Geng Sehat, mulai 14 September, Pembatasan Sosial Berskala Besar (PSBB) kembali diberlakukan di Jakarta. Hal ini mengingat jumlah kasus positif semakin bertambah. Di dunia, virus corona baru penyebab Covid-19 juga masih terus menelan korban.
Kasus yang tidak terkendali membuat semua orang berisiko tertular. Apa yang harus Kamu lakukan saat tertular, dan seberapa cepat Kamu mulai menularkan virus corona setelah terinfeksi? Pertanyaan seperti ini perlu Kamu pahami dan temukan jawabannya melalui fakta penting Covid-19.
Berikut ini beberapa fakta yang perlu diketahui oleh orang yang kemungkinan tertular Covid-19, atau memiliki keluarga yang dinyatakan positif. Sebagian merupakan penjelasan dari dr. Dirga Sakti Rambe, seorang dokter dari FKUI/RSCM Jakarta, dalam Instagram Live, Kamis (20/8) bersama dr. Adam Prabata, kandidat PhD di bidang Medical Science di Kobe University, Jepang. Selain itu juga penjelasan dari dr. Jaka Pradipta SpP melalui Instagram Live Guesehat pada Kamis 910/9) kemarin.
Baca juga: Benarkah Vaksin Pneumonia dan Influenza Bisa Meringankan Gejala Covid-19?
1. Bagaimana saya tahu kalau tertular COVID-19, atau hanya gejala flu?
COVID-19 sering menyebabkan gejala yang mirip dengan yang dialami orang yang sedang demam parah atau flu. Dan seperti flu, gejalanya bisa berkembang dan mengancam jiwa.
Kamu harus curiga sudah tertular COVID-19 jika demam disertai gejala pernapasan (sesak napas) dan Kamu sebelumnya melakukan kontak dengan seseorang yang diduga menderita COVID-19, atau tinggal di daerah “merah”, atau baru pulang dari keramaian. Gejala lain juga bisa menimpa saluran pencernaan atau hilangnya penciuman.
“Bahkan selain di pernapasan, Covid-19 juga bisa menyebabkan gejala gangguan pencernaan seperti diare. Namun, ketika kita tiba-tiba kehilangan penciuman dan rasa makanan di lidah, maka bisa dipastikan 100% itu adalah Covid-19. Karena tidak ada penyakit dengan gejala khas seperti itu,” jelas dr. jaka.
Baca juga: Diare, Salah Satu Gejala Covid-19 di Saluran Pencernaan
2. Tes apa yang paling akurat untuk mendiagnosis COVID-19?

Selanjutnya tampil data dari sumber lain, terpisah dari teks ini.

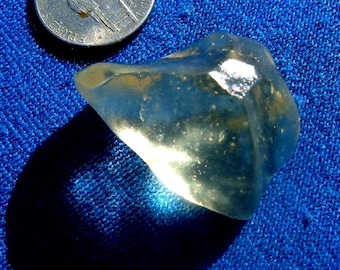 80 crt Libyan Desert Glass ( Super Gem A+   ) gold Meteorite Impact Tektite |Egypt Sahara -Natural and Complete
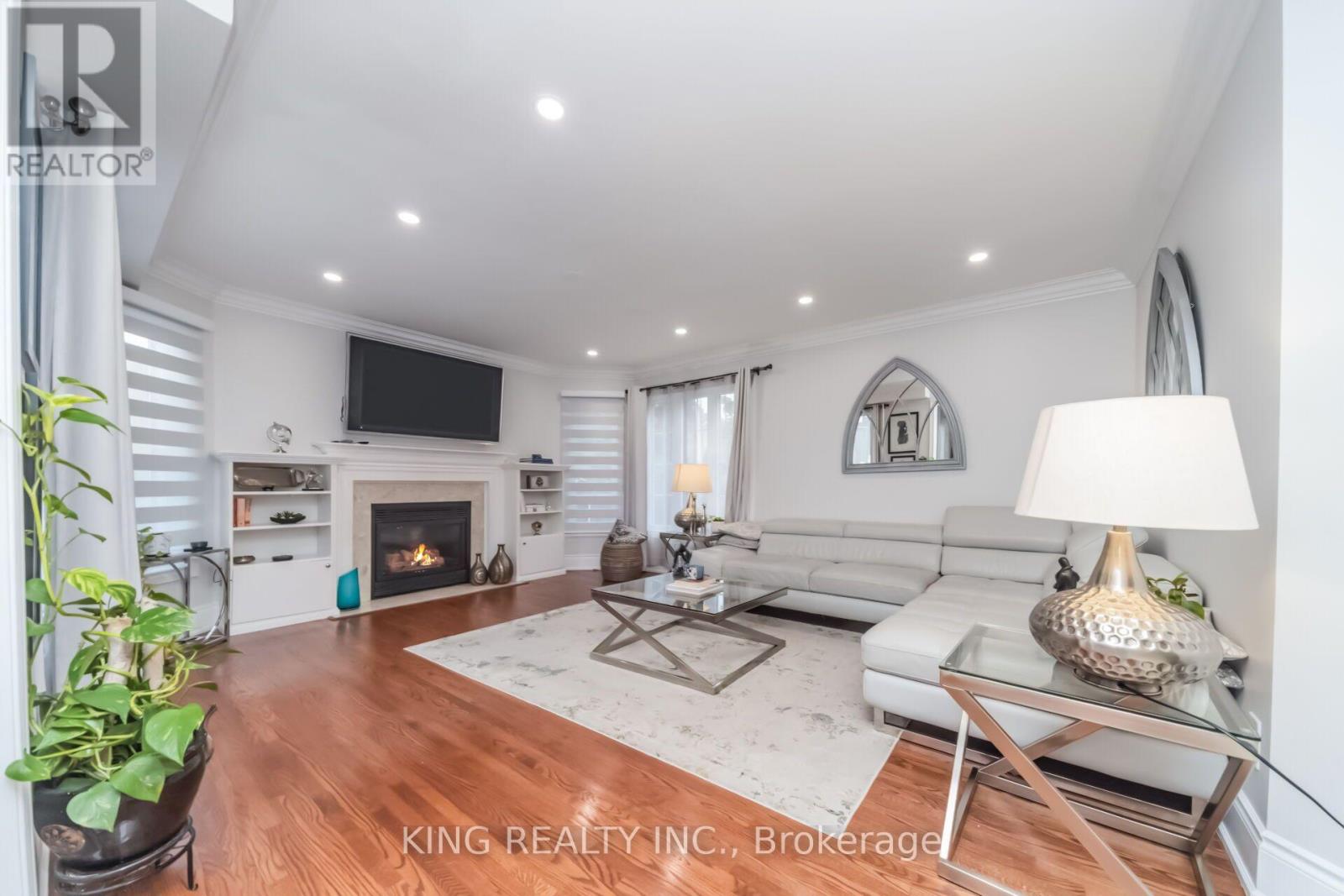 1427 Grossi Street, Mississauga, Ontario  L5V 1T9 - Photo 12 - W13677300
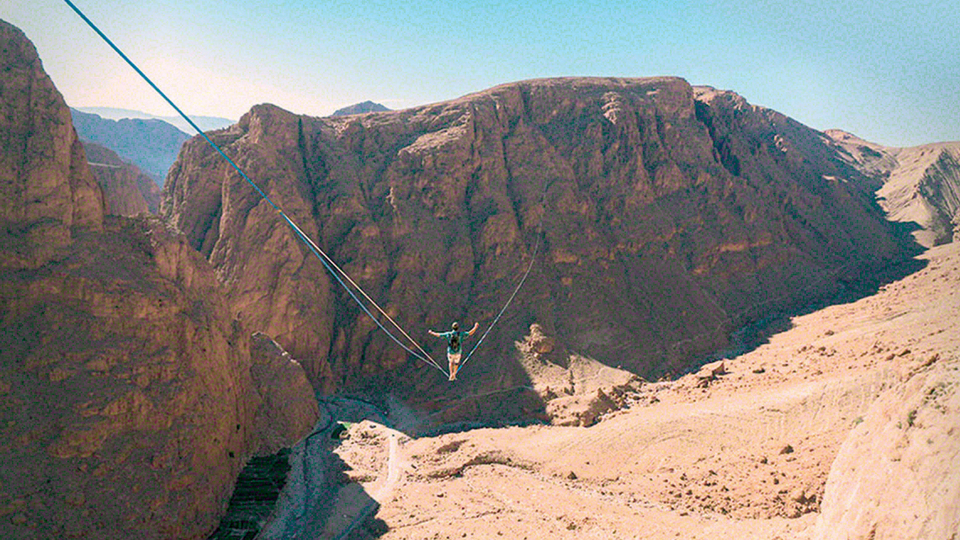 Son zamanların en büyük çılgınlığı! İki dağın ortasında ipten yürüyorlar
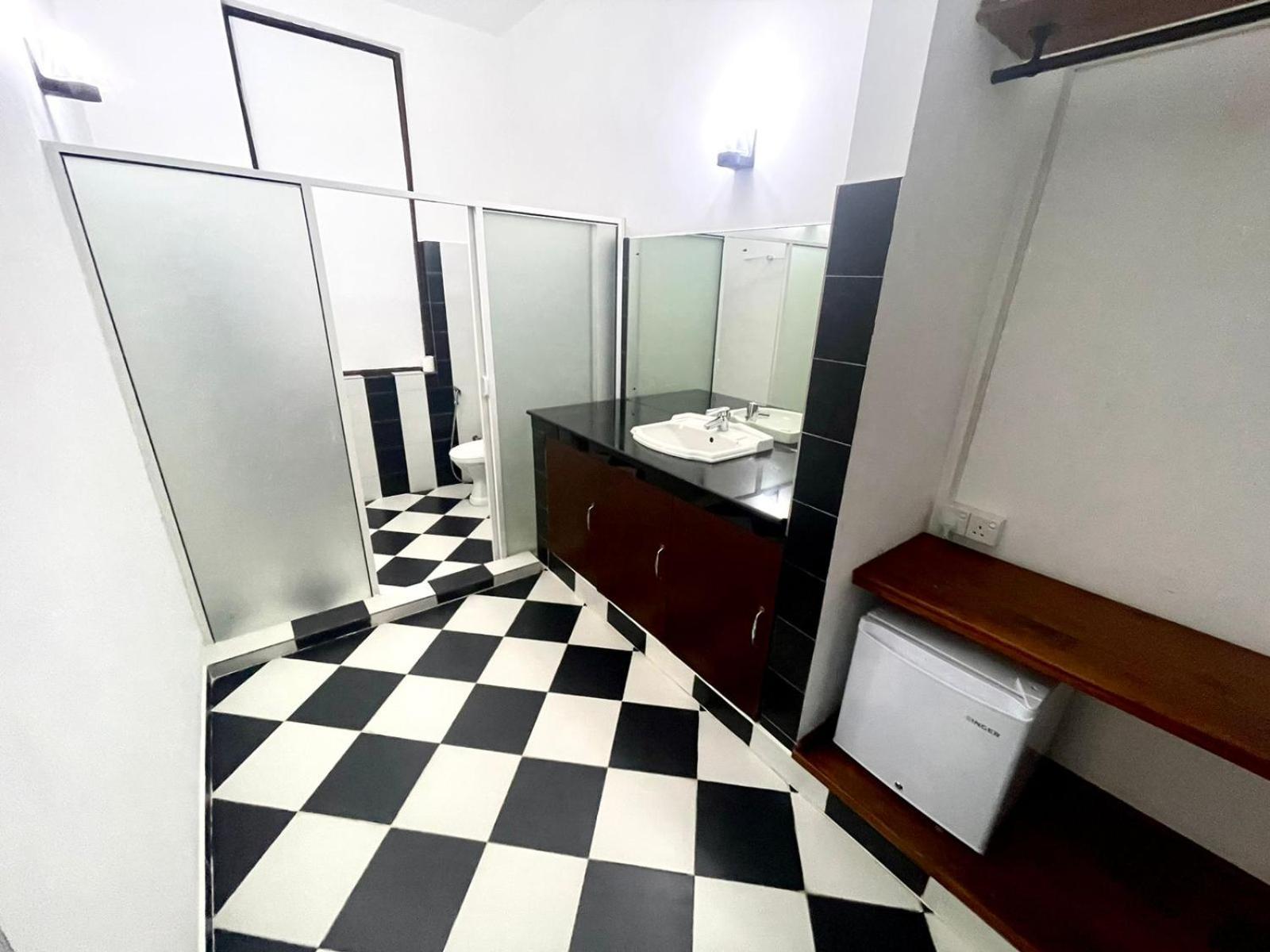 Hotel One Sixty Dehiwala-Mount Lavinia Bagian luar foto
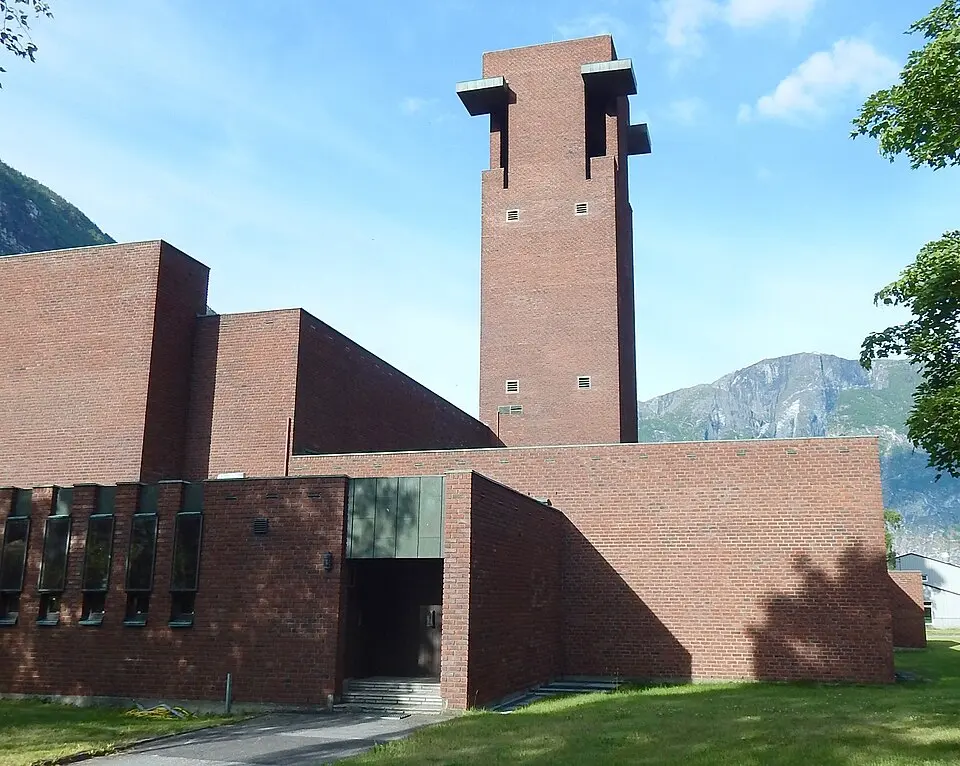 Farnes kirke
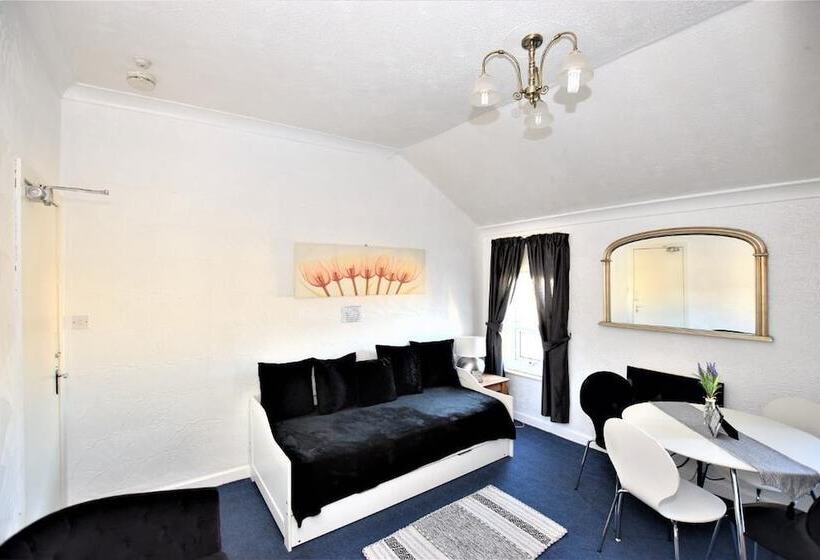 Bridle Lodge Apartments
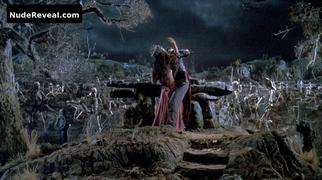 EMBETH DAVIDTZ nude in Army of Darkness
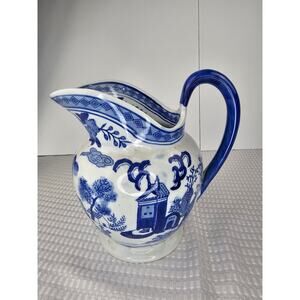 Vintage Chinese Export Porcelain Vase/ Pitcher Handpainted Pagoda‎ Pattern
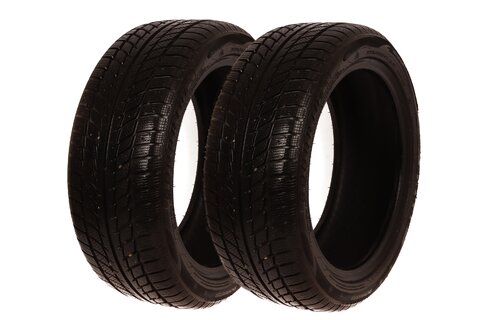Sada dvou pneumatik ZIMNÍ 225/45 R17 94V GOODRIDE SW608 (6 mm) rok 2019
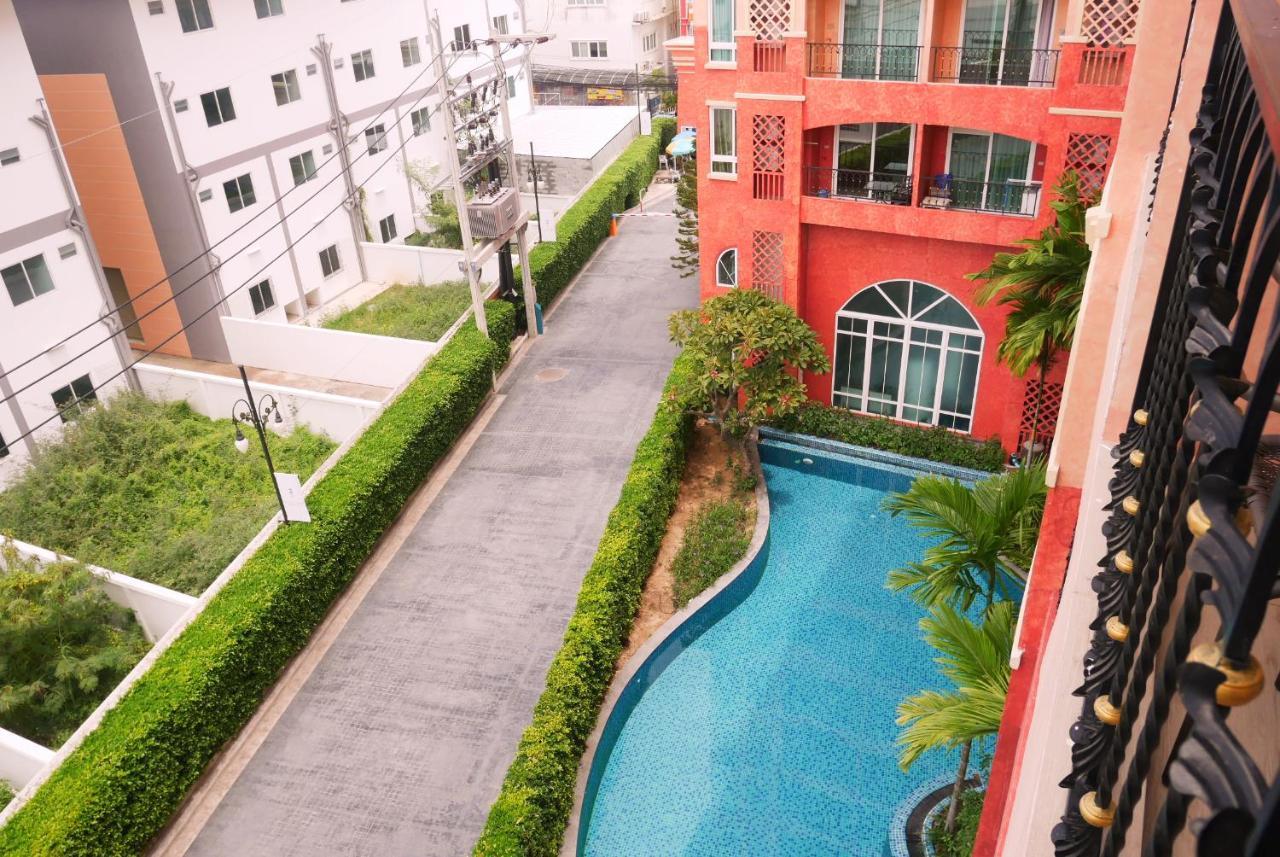 Seven Seas Resort Pattaya & Sofa Bed Jomtien Beach Exterior photo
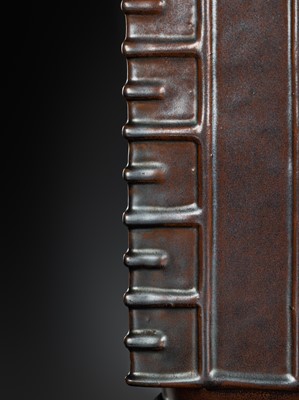 Lot 164 - AN IRON-RUST-GLAZED ‘IMITATION BRONZE’ VASE, CONG, 18TH CENTURY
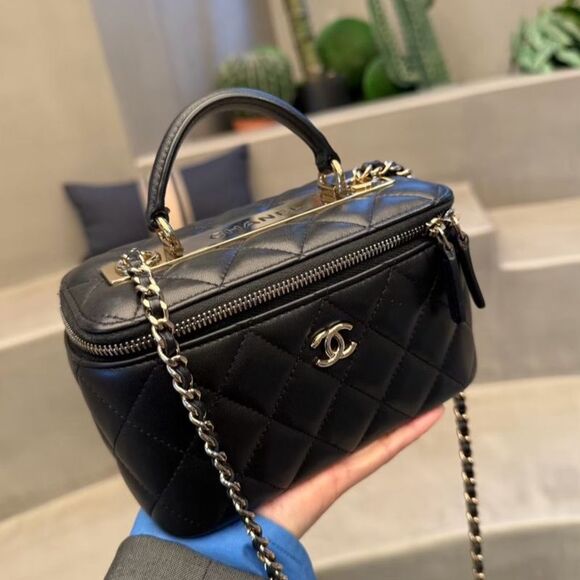 Chanel Handbags - Chanel Women Pre-Loved Bag Very Good Condition
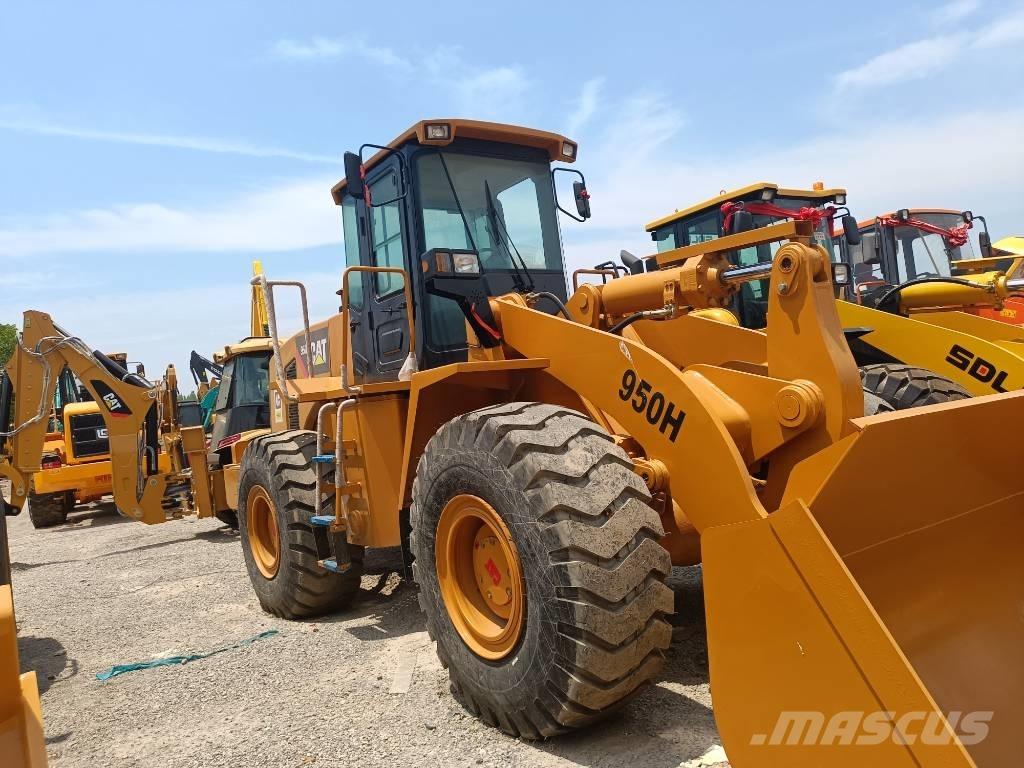 CAT 950H Gumikerekes homlokrakodók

Tes diagnostik khusus harus dilakukan untuk memastikan bahwa Kamu benar-benar terinfeksi virus korona. Dijelaskan dr. Dirga, tes yang saat ini paling akurat adalah tes swab atau PCR. Ini adalah tes yang mengambil sampel dari hidung dan tenggorokan. Sampel kemudian diperiksa untuk dicari materi genetik virus atau protein virus tertentu (tes antigen).
Bagaimana dengan tes antibodi atau rapid test, apakah tidak akurat? “Tes antibodi dapat mengetahui apakah seseorang telah terinfeksi COVID-19. Dan tidak selalu yang terinfeksi bisa terdeteksi oleh tes ini. Mengapa? Hal ini karena orang yang terinfeksi tidak langsung memproduksi antibodi. Diperlukan waktu selama tiga minggu sampai tes antibodi darah menjadi positif. Itulah mengapa tes antibodi ini tidak berguna sebagai tes diagnostik untuk seseorang yang baru mengalami gejala,” jelas dr. Dirga.
Dr. Adam menambahkan, tes antibodi juga bisa saja terlambat. Artinya, hasilnya memberikan negatif palsu. Ada kemungkinan negatif palsu, padahal sebenarnya sudah terinfeksi namun belum terbentuk antibodi. Namun, orang ini sudah bisa menularkan penyakitnya.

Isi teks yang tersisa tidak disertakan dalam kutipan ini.